Wer Erfahrung hat, weiß, dass diese starre Regel zu einem guten Teil ihre Bedeutung verloren hat. Gerade die deutschen und europäischen Patentprüfer nehmen gut gemachte Dritteingaben ernst und sind durchaus offen dafür, ihnen plausibel unterbreitete Argumente aufzugreifen und für die vermeintliche Erfindung gar nicht erst ein Patent zu erteilen.

Gerade dort, wo die Erteilung eines Patents zu befürchten ist, das zwar stört, aber dennoch zunächst nicht so wichtig erscheint, dass der finanzielle Aufwand eines aufwändigen Einspruchverfahrens gerechtfertigt erscheint, ist die Dritteingabe daher ein preisgünsiges und effektives Instrument, um die Entstehung eines störenden Patents schon im Vorfeld zu verhindern oder zu erschweren.
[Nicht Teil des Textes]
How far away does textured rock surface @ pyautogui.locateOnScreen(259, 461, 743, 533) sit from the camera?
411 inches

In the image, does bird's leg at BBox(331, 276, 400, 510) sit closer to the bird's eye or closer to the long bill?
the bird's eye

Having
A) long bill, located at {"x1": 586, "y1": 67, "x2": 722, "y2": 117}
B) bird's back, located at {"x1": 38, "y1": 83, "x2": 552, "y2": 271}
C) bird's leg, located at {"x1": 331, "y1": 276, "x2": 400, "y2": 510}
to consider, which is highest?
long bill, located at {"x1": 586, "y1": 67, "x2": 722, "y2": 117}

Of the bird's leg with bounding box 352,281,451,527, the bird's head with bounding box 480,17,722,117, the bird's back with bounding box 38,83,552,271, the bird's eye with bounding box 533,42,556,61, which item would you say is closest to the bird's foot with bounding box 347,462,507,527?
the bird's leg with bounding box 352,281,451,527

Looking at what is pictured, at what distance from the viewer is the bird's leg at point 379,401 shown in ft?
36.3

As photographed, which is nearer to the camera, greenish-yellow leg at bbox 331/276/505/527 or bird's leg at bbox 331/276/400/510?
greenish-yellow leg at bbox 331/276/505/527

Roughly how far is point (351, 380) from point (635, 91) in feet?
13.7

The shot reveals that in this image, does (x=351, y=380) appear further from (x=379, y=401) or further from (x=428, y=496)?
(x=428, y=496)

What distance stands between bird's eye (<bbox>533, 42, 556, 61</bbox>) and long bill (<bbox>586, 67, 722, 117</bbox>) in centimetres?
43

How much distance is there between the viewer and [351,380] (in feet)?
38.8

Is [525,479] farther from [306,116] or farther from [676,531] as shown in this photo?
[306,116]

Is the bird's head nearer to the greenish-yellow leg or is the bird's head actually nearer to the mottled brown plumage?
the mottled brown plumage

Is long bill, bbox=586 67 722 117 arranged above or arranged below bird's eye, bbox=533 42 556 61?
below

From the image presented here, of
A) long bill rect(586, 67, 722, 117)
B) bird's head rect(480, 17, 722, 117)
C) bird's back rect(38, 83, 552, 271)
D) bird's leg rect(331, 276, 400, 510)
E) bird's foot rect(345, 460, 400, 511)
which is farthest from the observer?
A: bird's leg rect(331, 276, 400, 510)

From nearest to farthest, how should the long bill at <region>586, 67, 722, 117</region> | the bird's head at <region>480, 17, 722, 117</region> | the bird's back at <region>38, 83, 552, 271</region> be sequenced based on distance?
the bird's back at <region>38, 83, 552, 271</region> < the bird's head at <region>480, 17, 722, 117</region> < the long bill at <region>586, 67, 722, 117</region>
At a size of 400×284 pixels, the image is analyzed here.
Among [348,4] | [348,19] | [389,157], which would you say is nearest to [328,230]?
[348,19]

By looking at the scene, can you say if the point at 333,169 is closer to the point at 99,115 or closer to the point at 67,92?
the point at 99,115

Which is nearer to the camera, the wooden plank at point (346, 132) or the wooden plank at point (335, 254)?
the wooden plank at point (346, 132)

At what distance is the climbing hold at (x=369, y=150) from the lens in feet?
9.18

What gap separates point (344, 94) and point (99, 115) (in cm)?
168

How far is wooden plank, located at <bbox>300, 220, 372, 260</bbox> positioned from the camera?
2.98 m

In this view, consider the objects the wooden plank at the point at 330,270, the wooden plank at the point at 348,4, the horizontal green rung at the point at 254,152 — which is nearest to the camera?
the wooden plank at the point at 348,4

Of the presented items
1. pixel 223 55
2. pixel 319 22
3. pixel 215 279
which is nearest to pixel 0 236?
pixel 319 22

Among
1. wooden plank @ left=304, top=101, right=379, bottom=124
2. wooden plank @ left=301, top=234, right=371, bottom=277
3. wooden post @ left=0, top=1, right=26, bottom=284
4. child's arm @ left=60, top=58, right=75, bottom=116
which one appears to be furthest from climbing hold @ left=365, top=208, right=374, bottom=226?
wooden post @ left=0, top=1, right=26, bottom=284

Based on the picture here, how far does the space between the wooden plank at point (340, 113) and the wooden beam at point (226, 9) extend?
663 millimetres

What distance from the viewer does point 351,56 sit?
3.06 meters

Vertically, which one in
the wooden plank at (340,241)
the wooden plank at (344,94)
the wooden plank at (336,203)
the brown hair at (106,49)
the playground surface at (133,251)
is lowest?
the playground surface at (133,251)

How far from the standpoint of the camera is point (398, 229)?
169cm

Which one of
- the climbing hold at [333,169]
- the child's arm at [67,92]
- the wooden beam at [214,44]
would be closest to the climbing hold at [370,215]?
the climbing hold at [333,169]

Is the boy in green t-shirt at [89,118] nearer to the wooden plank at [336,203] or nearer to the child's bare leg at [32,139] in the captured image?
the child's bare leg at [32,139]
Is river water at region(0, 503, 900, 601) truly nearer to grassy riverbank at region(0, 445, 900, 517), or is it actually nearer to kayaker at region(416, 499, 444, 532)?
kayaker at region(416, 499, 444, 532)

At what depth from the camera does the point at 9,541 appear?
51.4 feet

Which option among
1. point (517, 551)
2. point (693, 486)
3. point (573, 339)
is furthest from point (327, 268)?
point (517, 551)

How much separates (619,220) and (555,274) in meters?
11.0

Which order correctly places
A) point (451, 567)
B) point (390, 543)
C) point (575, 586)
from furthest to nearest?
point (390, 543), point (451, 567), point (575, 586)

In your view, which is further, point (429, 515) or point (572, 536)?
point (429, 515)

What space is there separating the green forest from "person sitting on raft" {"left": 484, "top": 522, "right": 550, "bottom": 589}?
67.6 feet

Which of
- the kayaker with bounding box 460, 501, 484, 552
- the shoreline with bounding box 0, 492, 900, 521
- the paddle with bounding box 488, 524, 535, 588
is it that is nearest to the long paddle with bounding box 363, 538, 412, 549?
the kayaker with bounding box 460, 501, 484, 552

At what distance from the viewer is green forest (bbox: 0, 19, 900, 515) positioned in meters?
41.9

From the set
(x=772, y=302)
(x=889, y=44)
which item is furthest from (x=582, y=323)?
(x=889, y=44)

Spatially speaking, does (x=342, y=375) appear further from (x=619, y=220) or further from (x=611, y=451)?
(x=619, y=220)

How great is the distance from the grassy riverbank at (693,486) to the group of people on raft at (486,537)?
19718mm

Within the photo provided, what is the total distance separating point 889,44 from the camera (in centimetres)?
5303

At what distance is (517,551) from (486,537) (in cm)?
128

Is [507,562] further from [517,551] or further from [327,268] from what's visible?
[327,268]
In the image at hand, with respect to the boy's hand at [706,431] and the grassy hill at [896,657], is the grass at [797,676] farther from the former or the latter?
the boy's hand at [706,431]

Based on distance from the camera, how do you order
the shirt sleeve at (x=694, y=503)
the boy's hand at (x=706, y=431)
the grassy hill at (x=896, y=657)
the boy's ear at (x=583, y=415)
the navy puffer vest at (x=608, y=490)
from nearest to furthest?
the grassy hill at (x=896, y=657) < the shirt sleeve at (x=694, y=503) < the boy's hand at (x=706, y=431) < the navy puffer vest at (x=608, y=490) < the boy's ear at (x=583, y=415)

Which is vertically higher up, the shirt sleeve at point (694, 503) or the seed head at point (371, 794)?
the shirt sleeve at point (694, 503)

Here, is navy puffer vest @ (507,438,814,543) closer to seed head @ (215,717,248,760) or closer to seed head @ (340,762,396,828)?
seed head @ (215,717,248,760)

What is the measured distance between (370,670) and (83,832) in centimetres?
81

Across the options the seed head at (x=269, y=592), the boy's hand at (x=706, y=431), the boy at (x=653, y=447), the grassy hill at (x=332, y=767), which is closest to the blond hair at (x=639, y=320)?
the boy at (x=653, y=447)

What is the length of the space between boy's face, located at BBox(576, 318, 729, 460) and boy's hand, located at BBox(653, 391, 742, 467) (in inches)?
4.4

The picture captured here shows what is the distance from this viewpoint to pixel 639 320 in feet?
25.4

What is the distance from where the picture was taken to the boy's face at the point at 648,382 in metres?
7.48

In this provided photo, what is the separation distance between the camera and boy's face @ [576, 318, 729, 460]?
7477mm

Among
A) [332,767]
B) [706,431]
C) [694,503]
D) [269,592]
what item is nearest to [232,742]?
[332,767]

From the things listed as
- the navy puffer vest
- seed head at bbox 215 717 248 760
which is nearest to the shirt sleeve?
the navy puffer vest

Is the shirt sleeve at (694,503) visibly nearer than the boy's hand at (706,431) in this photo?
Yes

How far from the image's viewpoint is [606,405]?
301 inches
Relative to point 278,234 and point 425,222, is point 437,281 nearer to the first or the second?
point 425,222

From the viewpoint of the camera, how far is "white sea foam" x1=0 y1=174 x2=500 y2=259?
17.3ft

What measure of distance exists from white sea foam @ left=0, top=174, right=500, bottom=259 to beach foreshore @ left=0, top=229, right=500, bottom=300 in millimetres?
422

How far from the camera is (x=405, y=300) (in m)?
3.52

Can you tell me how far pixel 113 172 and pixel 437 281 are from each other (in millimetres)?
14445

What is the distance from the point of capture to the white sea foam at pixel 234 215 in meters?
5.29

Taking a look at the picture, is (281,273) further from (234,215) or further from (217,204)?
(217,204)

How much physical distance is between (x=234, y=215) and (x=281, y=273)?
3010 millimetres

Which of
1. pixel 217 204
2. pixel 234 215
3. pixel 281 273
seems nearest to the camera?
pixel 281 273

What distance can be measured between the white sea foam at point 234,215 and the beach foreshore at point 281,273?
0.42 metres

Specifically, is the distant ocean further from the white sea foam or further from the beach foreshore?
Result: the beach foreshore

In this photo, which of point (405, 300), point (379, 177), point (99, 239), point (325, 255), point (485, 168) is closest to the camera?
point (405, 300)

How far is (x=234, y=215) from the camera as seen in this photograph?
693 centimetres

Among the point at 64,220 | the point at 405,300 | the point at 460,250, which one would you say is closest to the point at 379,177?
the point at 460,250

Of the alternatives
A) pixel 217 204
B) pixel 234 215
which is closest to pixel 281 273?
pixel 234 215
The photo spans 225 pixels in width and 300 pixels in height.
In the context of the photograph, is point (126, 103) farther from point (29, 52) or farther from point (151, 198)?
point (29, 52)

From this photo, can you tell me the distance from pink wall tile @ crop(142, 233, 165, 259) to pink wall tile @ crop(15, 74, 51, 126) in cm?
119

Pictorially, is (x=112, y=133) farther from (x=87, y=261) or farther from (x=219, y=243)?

Vom Prüfer noch nicht beanstandete Verstöße des Patentanmelders gegen das Gebot der Klarheit (Art. 84 EPÜ bzw. § 34 Abs. 3 Nr. 3 PatG) lassen sich ohnehin ausschließlich mit einer Dritteingabe aufdecken und bekämpfen. Denn jeglicher Verstoß gegen Art. 84 EPÜ oder § 34 PatG wird mit der Patenterteilung geheilt und kann daher nicht mehr mit einem Einspruch oder einer Nichtigkeitsklage angegrifffen werden.

Daher kann die Einreichung einer Dritteingabe vorab sogar dann sinnvoll sein, wenn die Absicht besteht, später durch Einreichung eines Einspruchs aufzuzeigen, dass das Patent (wenn es doch zu dessen Erteilung gekommen ist) nicht neu oder nicht erfinderisch ist.